Citizens of Manchester have a fine university and pride themselves on being the cultural center for Northern England. At the Midland Hotel, where I stayed, they told me a great many American businessmen came to their city.
We now have only a few consul generals left in England, but Manchester is still served by Rufus Lane who, together with his wife, gave a small and delightful luncheon for me.
On arrival, there was the usual press conference, and the photographers had to have the opportunity to photograph the welcoming committee.
A sweet little girl gave me a bunch of flowers, and then we all went into the airport restaurant for coffee where I had an opportunity to meet my kind hosts. There were about 400 people at the dinner in the evening at which I spoke, and it was announced that 4,000 pounds had been raised for Youth Aliyah, which seemed to please Mrs. Warburg.
The special effort being made for Youth Aliyah this year is because Israel is being asked to take in a great number of unaccompanied children. Poland is permitting the transfer of a whole orphanage of children, held since the end of World War II, to Israel. Many children are going to Israel from Egypt and Hungary and a few from North Africa.
They are being received at the rate of 500 children a month, creating a considerable burden in their examination, adjustment and integration into the community. Children in Israel always seem to me to get remarkably good care, and I am happy that these homeless children can receive the care, security and love that they will meet on arrival in Israel.

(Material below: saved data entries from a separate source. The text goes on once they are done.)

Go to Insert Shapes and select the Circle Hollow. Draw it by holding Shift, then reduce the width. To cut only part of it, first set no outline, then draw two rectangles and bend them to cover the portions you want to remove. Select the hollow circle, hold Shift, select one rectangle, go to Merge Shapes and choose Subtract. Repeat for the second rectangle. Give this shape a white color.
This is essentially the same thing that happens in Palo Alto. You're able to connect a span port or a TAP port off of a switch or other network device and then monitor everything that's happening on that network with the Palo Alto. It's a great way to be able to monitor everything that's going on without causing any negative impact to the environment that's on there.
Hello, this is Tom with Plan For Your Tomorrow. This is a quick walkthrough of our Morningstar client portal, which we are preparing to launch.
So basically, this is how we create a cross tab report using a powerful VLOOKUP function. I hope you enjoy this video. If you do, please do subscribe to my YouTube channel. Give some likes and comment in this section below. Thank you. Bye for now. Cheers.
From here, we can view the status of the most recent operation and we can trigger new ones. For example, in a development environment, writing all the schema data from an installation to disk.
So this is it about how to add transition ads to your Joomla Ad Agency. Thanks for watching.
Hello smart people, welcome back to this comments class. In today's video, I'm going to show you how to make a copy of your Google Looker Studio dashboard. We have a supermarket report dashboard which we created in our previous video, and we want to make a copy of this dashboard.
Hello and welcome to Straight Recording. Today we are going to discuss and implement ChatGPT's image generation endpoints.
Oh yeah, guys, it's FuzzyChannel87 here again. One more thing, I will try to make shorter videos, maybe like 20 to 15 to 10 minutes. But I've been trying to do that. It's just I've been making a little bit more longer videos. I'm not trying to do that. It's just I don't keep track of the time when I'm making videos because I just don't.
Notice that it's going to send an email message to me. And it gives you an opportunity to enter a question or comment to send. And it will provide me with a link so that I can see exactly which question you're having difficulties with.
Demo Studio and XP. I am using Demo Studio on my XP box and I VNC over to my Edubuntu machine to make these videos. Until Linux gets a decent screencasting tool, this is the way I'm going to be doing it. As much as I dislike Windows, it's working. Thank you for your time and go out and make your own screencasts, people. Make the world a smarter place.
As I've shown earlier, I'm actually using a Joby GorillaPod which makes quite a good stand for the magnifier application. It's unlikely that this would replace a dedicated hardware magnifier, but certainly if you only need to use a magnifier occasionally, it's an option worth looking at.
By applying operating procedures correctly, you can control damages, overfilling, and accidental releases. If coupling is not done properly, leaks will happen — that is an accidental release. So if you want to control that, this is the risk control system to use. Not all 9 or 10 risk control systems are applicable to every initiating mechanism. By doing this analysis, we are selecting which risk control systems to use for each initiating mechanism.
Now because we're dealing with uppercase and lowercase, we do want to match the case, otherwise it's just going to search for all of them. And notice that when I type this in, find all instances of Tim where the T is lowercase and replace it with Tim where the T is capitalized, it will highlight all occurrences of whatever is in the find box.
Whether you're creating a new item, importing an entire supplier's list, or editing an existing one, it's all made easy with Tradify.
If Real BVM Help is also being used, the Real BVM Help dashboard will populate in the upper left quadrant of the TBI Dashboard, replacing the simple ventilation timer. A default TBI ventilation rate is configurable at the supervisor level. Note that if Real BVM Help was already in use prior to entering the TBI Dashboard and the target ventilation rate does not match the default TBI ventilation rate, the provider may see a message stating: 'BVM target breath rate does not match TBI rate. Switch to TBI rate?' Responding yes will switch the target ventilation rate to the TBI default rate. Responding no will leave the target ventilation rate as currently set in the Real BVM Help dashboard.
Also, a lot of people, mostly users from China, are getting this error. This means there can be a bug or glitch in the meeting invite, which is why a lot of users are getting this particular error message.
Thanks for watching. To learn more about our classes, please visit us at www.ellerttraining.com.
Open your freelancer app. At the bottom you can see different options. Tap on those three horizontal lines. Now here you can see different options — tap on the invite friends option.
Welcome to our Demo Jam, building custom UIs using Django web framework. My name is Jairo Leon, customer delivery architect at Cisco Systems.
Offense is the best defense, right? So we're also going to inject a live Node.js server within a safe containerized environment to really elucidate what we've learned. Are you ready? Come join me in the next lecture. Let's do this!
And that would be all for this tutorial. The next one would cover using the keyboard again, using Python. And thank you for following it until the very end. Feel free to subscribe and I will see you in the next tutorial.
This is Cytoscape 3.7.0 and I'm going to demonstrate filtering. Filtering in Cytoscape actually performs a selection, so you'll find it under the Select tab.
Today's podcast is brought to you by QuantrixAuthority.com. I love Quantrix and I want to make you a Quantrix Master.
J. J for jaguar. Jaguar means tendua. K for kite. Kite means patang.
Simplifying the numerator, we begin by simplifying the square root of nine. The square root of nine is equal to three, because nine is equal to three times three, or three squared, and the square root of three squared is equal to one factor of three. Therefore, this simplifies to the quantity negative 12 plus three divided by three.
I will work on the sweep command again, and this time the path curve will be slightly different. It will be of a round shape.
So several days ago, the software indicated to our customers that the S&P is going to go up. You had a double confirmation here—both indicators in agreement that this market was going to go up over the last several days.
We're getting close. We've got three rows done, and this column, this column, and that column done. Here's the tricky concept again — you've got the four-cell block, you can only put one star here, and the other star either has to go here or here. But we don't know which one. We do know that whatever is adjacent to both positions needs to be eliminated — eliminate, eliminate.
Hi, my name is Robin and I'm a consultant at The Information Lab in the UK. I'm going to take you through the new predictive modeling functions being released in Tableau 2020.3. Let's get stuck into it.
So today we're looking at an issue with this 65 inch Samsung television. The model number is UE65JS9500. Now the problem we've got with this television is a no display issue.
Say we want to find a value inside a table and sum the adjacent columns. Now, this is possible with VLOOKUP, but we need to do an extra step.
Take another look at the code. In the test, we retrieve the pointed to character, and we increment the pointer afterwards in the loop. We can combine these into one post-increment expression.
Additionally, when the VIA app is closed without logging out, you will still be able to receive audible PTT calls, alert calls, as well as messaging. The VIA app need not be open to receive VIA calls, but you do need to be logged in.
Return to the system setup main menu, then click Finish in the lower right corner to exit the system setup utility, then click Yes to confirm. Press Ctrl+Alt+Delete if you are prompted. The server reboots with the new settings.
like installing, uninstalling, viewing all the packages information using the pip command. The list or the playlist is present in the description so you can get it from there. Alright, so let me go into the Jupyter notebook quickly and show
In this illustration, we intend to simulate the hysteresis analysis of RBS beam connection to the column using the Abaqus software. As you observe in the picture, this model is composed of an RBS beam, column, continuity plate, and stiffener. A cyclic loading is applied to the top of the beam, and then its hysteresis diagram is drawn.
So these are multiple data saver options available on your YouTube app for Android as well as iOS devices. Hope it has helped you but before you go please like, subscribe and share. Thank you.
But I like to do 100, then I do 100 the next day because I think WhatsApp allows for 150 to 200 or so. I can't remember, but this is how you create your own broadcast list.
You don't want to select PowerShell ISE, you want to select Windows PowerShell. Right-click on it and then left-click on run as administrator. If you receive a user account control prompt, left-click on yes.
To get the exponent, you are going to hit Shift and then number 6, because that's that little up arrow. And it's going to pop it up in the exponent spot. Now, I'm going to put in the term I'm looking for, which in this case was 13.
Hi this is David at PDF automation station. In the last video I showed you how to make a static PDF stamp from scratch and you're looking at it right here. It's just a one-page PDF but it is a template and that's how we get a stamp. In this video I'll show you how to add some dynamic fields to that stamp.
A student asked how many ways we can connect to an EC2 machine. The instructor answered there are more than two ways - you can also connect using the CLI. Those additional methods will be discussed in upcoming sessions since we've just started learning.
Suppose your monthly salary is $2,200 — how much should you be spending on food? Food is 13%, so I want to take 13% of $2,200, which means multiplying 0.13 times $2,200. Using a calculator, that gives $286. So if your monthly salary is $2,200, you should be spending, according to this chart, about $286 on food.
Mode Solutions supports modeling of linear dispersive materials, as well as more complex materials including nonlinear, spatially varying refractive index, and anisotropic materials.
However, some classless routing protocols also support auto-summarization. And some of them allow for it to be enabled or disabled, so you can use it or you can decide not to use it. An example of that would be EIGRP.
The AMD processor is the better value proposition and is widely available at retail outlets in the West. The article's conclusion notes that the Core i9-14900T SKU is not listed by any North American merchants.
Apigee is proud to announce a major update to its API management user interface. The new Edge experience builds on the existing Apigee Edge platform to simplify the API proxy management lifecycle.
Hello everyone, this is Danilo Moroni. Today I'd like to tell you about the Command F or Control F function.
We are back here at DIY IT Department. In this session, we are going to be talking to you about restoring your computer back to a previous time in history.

On my return from Manchester I was happy to find Miss Corr, my secretary, safely back from her weekend in Ireland.
Moshe Kol, the director of Youth Aliyah in Israel, came to see me to tell me of new developments before Lady Reading and I went to lunch with Mr. and Mrs. Douglas Fairbanks Jr.
They had a delightful party, but just as happens in the U.S., the men had to leave promptly to go back to work as soon as lunch was over. Then I had the pleasure of having my two cousins, Mrs. Muriel Martineau and Mrs. Charles Fellowes-Gordon, together with Mr. and Mrs. Peter Cochrane, for tea at Lady Reading's home.
In the evening we all attended the big dinner at Grosvenor House, at which I spoke for Youth Aliyah. It seemed to me that there were at at least 800 persons present.